Le Tribunal de commerce de Bobigny, statuant en référé le 22 janvier 2026, a été saisi par une société locatrice de modules pour obtenir le paiement de loyers impayés et la restitution du matériel. La locataire, défaillante, n’a pas comparu à l’audience. La question de droit portait sur la compétence du juge des référés pour constater la résiliation du contrat et accorder des provisions en l’absence de contestation sérieuse. Le juge a fait droit à l’intégralité des demandes de la société bailleresse.
La reconnaissance d’une obligation non sérieusement contestable fonde l’octroi des provisions.
Le juge rappelle que l’article 873 du code de procédure civile permet d’accorder une provision lorsque l’obligation n’est pas sérieusement contestable. En l’espèce, le contrat de location signé le 12 juin 2025 et les factures impayées établissent une créance certaine.

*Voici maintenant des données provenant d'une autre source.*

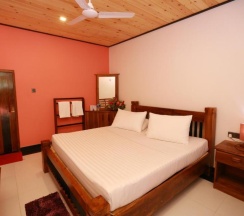 Двухместный номер Deluxe с балконом двуспальная кровать в Eco Hotel Black & White - Anuradhapura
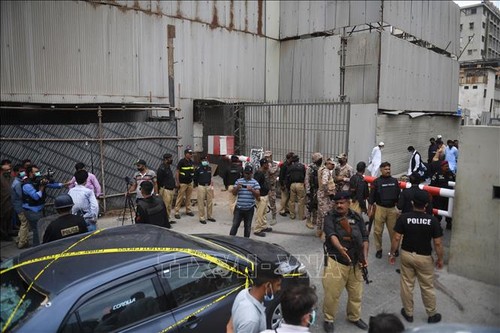 Gunmen attack Pakistani stock exchange - ảnh 1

Le défaut de comparution du locataire, qui n’a soulevé aucun moyen, renforce ce constat. La somme de 6 163,02 euros est ainsi due à titre provisionnel, majorée des intérêts légaux. Cette solution illustre la valeur probante des documents contractuels en référé.
L’indemnité d’immobilisation mensuelle est accordée pour compenser la perte de jouissance du matériel.
Le juge estime que la privation de la possibilité de relouer les modules justifie une indemnisation équivalente au montant du loyer convenu. La somme de 1 463,40 euros par mois est donc due jusqu’à la restitution effective. Cette mesure, fondée sur l’article 873, vise à réparer le préjudice subi par le bailleur. Sa portée est d’inciter le locataire à restituer rapidement les biens.
La clause pénale de 15% est réduite par le juge à proportion des sommes réellement dues.
L’article 14-6 des conditions générales prévoit une pénalité de « 15% des sommes exigibles ». Le juge applique strictement ce pourcentage aux 6 163,03 euros de loyers impayés, aboutissant à 924,45 euros. Il refuse ainsi la somme plus élevée de 1 152,70 euros initialement réclamée. Cette décision rappelle le contrôle du juge sur le montant des clauses pénales, même en référé.
L’astreinte de 50 euros par jour et par module est ordonnée pour contraindre à la restitution.
Le contrat stipule que « le Matériel doit être restitué à l’expiration de la période convenue ». Le juge assortit cette obligation d’une astreinte de 50 euros par jour et par module pendant trois mois. Il autorise également la reprise forcée des modules après quinze jours. Cette mesure, prise sur le fondement de l’urgence, vise à garantir l’exécution rapide de la décision. Sa portée est dissuasive et efficace pour le créancier.